The weather forecast threatens cooler and damper days, but they have yet to arrive, Monday was no exception, but we had been a bit slack for a few days on serious art, so took off for the ‘must’ see Frick Collection, two subways latter, we arrived bright and happy, it was a private show day, embers only, no public. Hmmmmmmm! Ok of to the next stop, it was only 21 streets further north, so we walked along Madison Ave, got a bit distracted by Dean and Deluca (food shop from heaven), Ralph Lauren (he has two shops) and a hundred and one other shops we did not need to linger in and finally arrived at the next museum, the Cooper-Hewitt National museum of design, my heart sank as I saw lots of screens around it, and you just have to love it, they stated in huge letters, everything was open except for the museum (it’s being renovated) but the signs all sent you rushing to their web site so you could see all the things that you could see with out going to the museum, off course all tourists run around with their laptops for just such occasions, so then moved on to the Guggenheim  (I had been warned that some parts, including the spectacular stairway were closed for a few weeks) but when we got there they offered reduced entry because over half was shut! Good news is it’s all going to be reopened next week, so we’ll go then. With that we cut our looses, got back to ‘our’ end of town and wait for it, hired bikes and rode all the way down to the very bottom of Manhattan, well almost, the cycling track was barricaded near the end, and as my friend was not too keen on road cycling we ‘walked’ our bikes for a short part and then remounted and continued on a little further until we found a parking bay and returned said bikes. It’s a great system you join up and hire by the hour or half hour.

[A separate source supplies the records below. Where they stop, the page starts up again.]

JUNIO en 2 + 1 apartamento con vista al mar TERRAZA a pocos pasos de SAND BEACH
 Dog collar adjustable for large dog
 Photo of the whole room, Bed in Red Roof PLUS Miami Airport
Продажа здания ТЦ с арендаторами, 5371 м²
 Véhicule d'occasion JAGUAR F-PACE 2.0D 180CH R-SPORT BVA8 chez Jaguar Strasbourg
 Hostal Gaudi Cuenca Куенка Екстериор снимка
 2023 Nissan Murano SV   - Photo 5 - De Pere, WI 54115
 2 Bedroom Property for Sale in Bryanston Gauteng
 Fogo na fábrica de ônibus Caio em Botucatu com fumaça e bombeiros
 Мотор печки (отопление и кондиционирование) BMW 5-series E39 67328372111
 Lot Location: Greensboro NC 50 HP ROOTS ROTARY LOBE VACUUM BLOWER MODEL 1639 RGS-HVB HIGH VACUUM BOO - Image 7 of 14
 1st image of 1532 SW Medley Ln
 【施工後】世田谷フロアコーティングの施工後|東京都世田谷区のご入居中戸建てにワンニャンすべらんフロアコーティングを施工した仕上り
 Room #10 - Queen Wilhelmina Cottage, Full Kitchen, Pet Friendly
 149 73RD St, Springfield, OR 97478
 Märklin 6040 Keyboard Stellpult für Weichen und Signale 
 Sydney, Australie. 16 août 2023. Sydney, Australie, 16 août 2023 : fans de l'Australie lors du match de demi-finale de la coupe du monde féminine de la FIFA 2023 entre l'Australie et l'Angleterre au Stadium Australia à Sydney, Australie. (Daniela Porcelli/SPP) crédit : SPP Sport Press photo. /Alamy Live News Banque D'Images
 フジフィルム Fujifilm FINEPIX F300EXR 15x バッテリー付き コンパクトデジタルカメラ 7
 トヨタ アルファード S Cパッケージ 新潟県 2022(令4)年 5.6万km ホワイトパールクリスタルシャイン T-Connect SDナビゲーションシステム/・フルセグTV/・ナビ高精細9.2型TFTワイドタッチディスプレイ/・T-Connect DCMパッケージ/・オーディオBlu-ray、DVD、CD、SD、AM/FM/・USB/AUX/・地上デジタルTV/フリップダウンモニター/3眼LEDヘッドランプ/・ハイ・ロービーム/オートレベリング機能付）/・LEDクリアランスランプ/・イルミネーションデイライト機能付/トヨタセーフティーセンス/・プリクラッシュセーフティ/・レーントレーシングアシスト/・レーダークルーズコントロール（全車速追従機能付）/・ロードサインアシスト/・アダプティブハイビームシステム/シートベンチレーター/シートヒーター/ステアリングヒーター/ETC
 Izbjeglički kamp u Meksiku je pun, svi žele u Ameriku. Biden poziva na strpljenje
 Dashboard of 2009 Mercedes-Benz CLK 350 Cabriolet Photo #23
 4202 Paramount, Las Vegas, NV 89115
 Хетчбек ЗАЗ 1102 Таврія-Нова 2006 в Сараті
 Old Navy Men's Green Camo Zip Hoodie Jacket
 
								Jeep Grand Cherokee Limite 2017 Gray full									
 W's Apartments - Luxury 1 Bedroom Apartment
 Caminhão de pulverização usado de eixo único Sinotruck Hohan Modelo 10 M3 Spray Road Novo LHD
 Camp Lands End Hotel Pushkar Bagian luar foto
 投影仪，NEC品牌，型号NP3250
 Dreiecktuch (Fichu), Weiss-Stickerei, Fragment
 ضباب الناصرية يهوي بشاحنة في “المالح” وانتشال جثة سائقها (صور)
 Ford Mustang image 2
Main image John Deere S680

This might get interesting......

This might get interesting……

We then walked all around Battery Point, talked to the squirrels, took far too many photographs and generally enjoyed the sunshine, the water, and stunning gardens. Himself the decided to visit the Jewish Holocaust Museum, I could not do it as I did not want anything to put a downer on such a wonderful day, so I kept walking all around the financial district and he did the museum. We met up an hour later; he was happy and took great delight in letting me know it was not all about the Holocaust. Decided that another subway trip home would be better than hiring bikes again. Threw down a very quick bowl of pasta (this one prosciutto cheese from Eatily again) and took off up town to The Park Avenue Armory for a Mozart concert. The Armory is very boys own band stuff, the Seventh Regiment has been around for nearly 200 years, made of boys from ‘The Families’, pretty posh and they took up and entire city block from Park Avenue to Lexingham Avenue and between 66th & 67th streets. It’s got a bloody great big drill hall that’s an acre and a quarter in size and the façade on Park Avenue sores up over four stories with all sorts of special meeting rooms and officers rooms. Some by Tiffany, Herter Brothers and other great designers of the late 1800’s and it’s under going a $200 million dollar reno and facelift. We were seated in the just finished Board of Officers room; many millions have been spent on it. Piano and Violin, very good, all sonata’s, and during interval we were allowed to nose around and check out some other the other rooms, its very over the top. There seemed to be a lot of regimental silver on show.

Well, today was Frick & Grand Central Station day but it will have to wait, we are dining out to night, so need to go freshen up and it takes a while these days.